Kai Moritz [Sun, 24 Mar 2024 19:34:07 +0000 (20:34 +0100)]
fix: GREEN - Postponed the resetting of the sink
* The completion of a sink of an instance of `ChatRoomData`, that belongs
to a revoked partition is postponed until the following partition-
assignment happens.
* Also, the sink is only completed and recreated, if the partition it
belongs to, was not assigned to the instance during
`onPartitionsAssigned()` again.
* That way, listeners have a little more time to receive the messages, that
were send shortly prior to the deactivation, and are not disturbed
unnecessarily, if the partition is reassigned to the same instance again.
* *TODO:* Listeners still have to be enabled, to start listening on the
responsible instance where they left of on the old instance, if they
were to slow to receive all messages, before the sind was completed.
Kai Moritz [Mon, 11 Mar 2024 17:32:46 +0000 (18:32 +0100)]
test: HandoverIT-POC - GREEN: The `TestListener` automatically reconnects
* If a rebalance happens, an instances, that is no longer responsible
for a specific chat-room, closes the connections to listeners of these
chat-rooms.
* Hence, the `TestListener`, like the real frontend, will have to
reconnect, if that happens, to be able to see newly send messages.
Kai Moritz [Fri, 8 Mar 2024 08:14:14 +0000 (09:14 +0100)]
test: HandoverIT-POC - RED - Started a second backend
* A second backend is started, after the writers and the listener were
instanciated.
* The test fails, because the listener does not see messages, that are
send by the writers after the rebalance finishes.
* Also changed the durations, that the setup waits for newly
started backend-instances.
Kai Moritz [Wed, 20 Mar 2024 21:02:09 +0000 (22:02 +0100)]
fix: GREEN - Dynamic changes to the sharding-map are synced back to disk
* HAProxy distinguishes managed and unmanaged maps.
** Only Maps, that are loaded from the directory `maps`, that lives in the
config-directory of HAProxy, are treated as managed.
** Only managed maps are listed by default by the Data Plane API.

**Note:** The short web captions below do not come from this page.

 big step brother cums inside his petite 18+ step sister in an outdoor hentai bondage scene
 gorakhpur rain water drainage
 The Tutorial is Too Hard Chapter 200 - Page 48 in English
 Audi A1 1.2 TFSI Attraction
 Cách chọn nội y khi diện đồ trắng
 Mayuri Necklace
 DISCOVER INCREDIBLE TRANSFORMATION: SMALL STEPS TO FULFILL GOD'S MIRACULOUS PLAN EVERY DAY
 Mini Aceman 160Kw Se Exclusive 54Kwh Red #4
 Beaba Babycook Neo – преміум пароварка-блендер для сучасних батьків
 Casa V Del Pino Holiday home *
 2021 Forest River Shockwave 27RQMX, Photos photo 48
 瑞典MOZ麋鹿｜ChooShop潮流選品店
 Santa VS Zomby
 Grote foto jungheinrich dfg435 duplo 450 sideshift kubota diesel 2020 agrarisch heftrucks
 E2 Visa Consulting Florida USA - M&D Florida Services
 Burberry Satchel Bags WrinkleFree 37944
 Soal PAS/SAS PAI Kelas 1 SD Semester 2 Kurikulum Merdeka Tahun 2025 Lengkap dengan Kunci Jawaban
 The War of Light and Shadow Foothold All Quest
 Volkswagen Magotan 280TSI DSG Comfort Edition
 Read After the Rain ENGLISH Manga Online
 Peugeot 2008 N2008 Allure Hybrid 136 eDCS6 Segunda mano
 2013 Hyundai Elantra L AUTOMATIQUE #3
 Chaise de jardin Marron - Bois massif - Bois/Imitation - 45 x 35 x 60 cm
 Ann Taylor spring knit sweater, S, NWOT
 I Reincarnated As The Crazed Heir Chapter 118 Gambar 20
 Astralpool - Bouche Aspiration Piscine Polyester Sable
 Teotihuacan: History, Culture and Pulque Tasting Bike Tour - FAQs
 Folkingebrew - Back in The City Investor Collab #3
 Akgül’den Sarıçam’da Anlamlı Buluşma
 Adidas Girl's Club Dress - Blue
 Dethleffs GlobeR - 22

** And last but not least, only managed maps _can be synced back to disk_,
which makes dynamically changes persistent, so that they can survive
a restart or reload of HAProxy.
* And only managed maps can as well be referenced by their _name_, as by
their id.
* The name of managed maps is the name of the file, _without_ the path and
without the suffix `.map`.
* What makes it more difficulte in the case of the HAProxy running inside
a docker-container is, that this mechanism only seems to work, if the
config-directory is identical to the default `/etc/haproxy`, which _is
not_ the case in the default-configuration of the used official image.
* Hence, changing the config-directory to the default (in this case)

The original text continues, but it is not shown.